-- YOUR INSTRUCTIONS --
Beginning with the line that contains "You may change", retype the entries below exactly, ending with the line that contains "Hello guys, welcome". Leave out any pictures.
>>
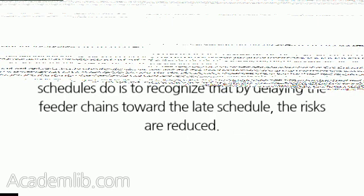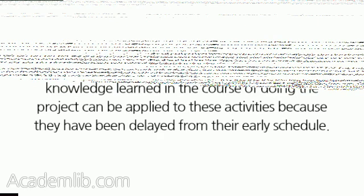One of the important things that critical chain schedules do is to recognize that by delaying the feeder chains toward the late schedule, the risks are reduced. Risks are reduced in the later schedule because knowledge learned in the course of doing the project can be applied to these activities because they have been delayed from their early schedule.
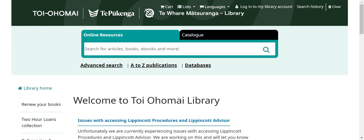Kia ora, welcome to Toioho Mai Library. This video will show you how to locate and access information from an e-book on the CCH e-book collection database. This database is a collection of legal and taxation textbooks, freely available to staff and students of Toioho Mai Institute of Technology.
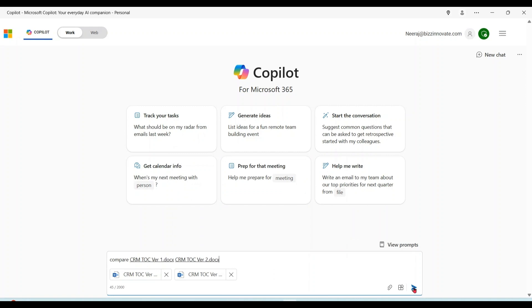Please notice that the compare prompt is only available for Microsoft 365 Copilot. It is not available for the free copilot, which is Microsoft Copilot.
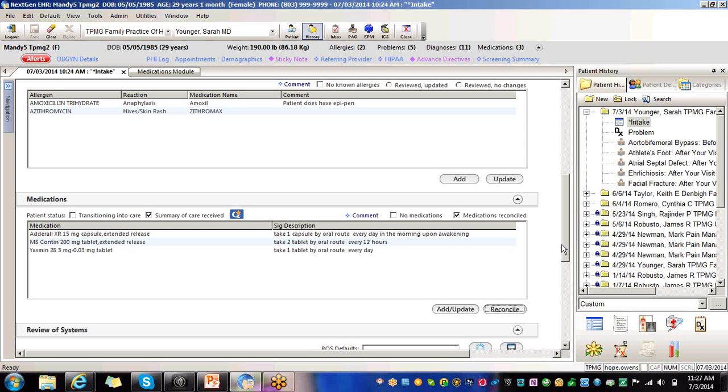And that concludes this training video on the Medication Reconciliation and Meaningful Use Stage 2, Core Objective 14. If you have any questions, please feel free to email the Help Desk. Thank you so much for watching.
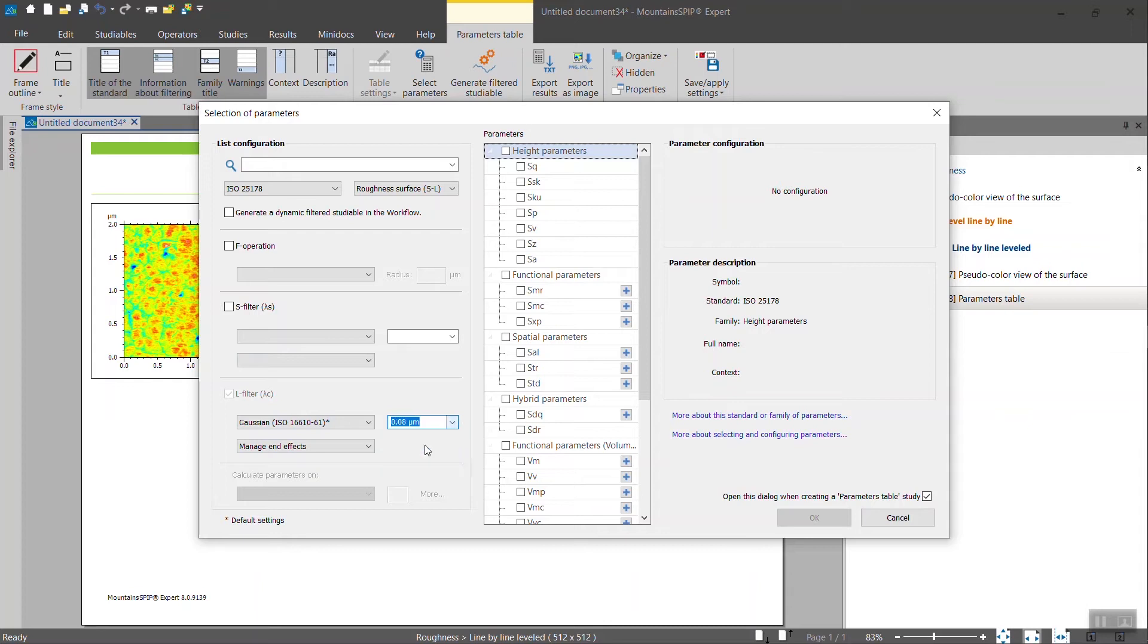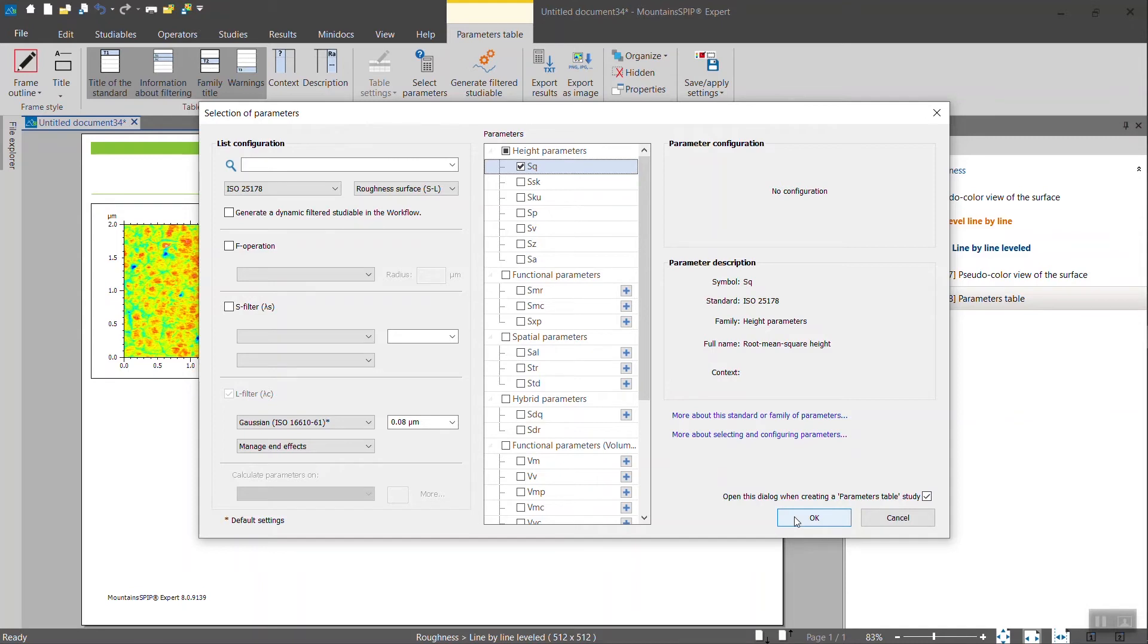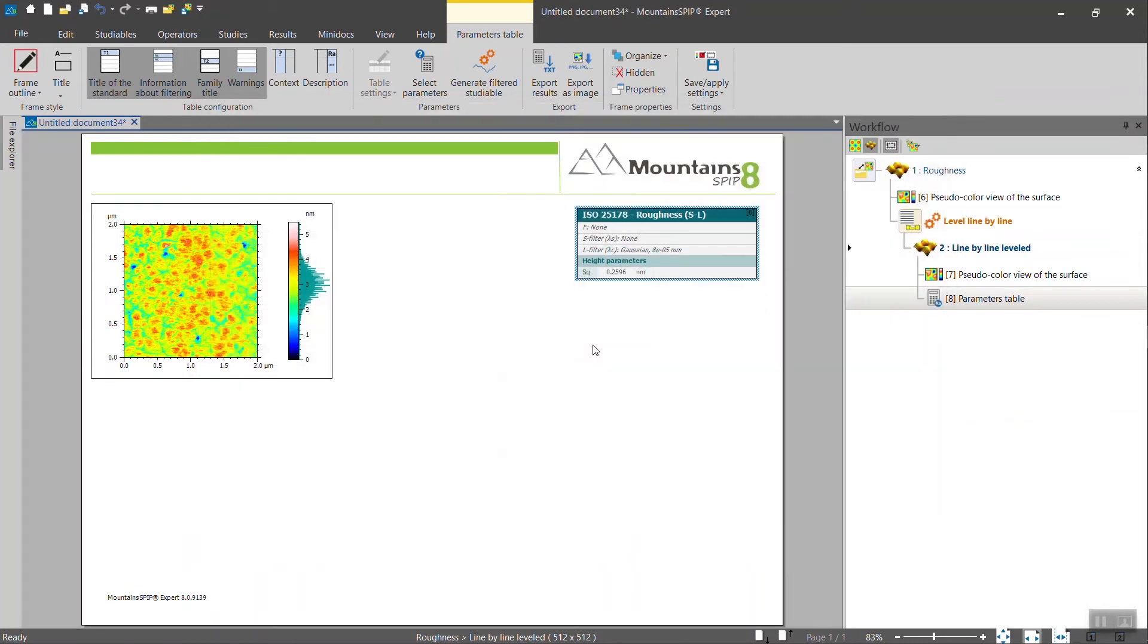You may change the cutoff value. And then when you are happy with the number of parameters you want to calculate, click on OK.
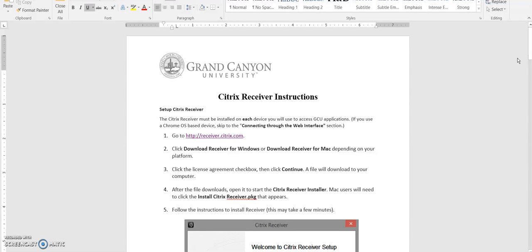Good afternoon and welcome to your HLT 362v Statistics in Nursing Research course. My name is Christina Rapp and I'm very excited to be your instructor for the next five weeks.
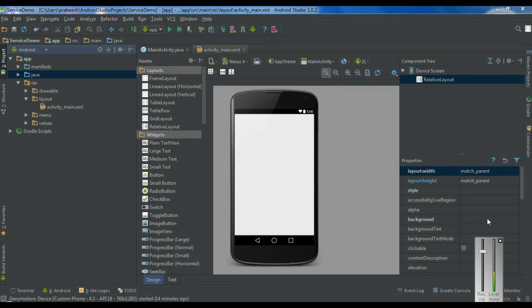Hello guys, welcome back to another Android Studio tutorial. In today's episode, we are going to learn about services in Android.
<<
>>
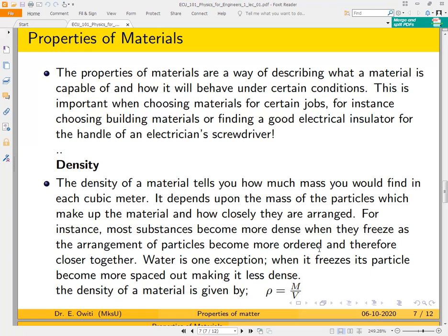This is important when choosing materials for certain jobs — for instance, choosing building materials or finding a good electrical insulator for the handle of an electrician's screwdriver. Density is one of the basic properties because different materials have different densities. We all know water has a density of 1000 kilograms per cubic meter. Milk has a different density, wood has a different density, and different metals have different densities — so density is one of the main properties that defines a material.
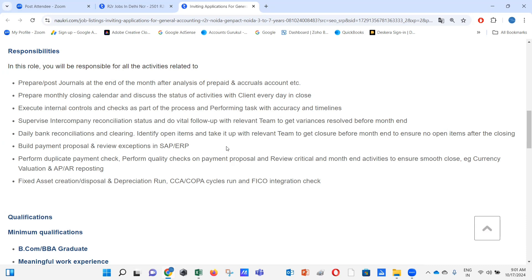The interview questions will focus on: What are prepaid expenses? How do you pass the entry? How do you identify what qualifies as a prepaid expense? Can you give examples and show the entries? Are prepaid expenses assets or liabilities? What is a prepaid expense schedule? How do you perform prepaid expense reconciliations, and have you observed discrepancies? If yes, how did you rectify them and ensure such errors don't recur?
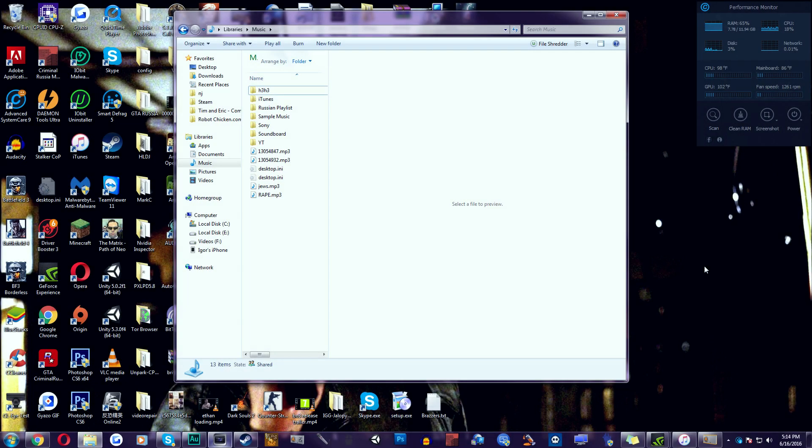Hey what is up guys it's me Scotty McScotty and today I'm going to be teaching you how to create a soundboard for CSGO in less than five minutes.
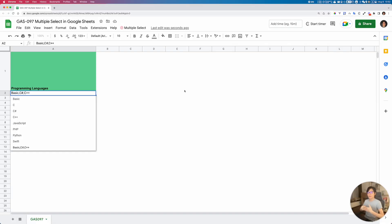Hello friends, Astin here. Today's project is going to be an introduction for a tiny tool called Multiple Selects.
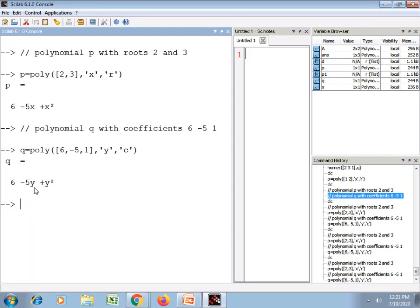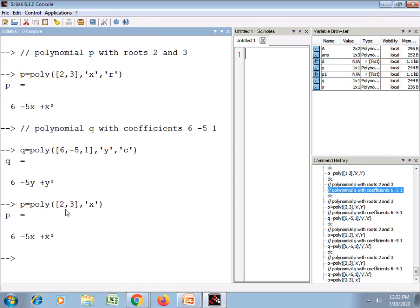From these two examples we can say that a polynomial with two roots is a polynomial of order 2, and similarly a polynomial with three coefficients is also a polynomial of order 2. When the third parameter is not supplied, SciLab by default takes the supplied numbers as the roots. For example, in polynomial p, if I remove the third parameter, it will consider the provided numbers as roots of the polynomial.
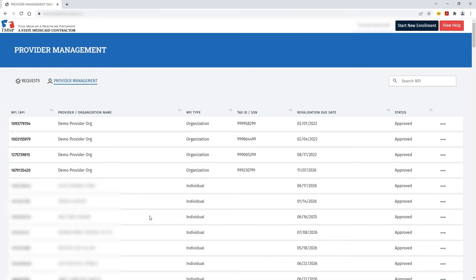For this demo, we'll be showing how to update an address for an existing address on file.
<<
-- WRITTEN ANSWER --
You may change the cutoff value. And then when you are happy with the number of parameters you want to calculate, click on OK.
Good afternoon and welcome to your HLT 362v Statistics in Nursing Research course. My name is Christina Rapp and I'm very excited to be your instructor for the next five weeks.
Hello guys, welcome back to another Android Studio tutorial. In today's episode, we are going to learn about services in Android.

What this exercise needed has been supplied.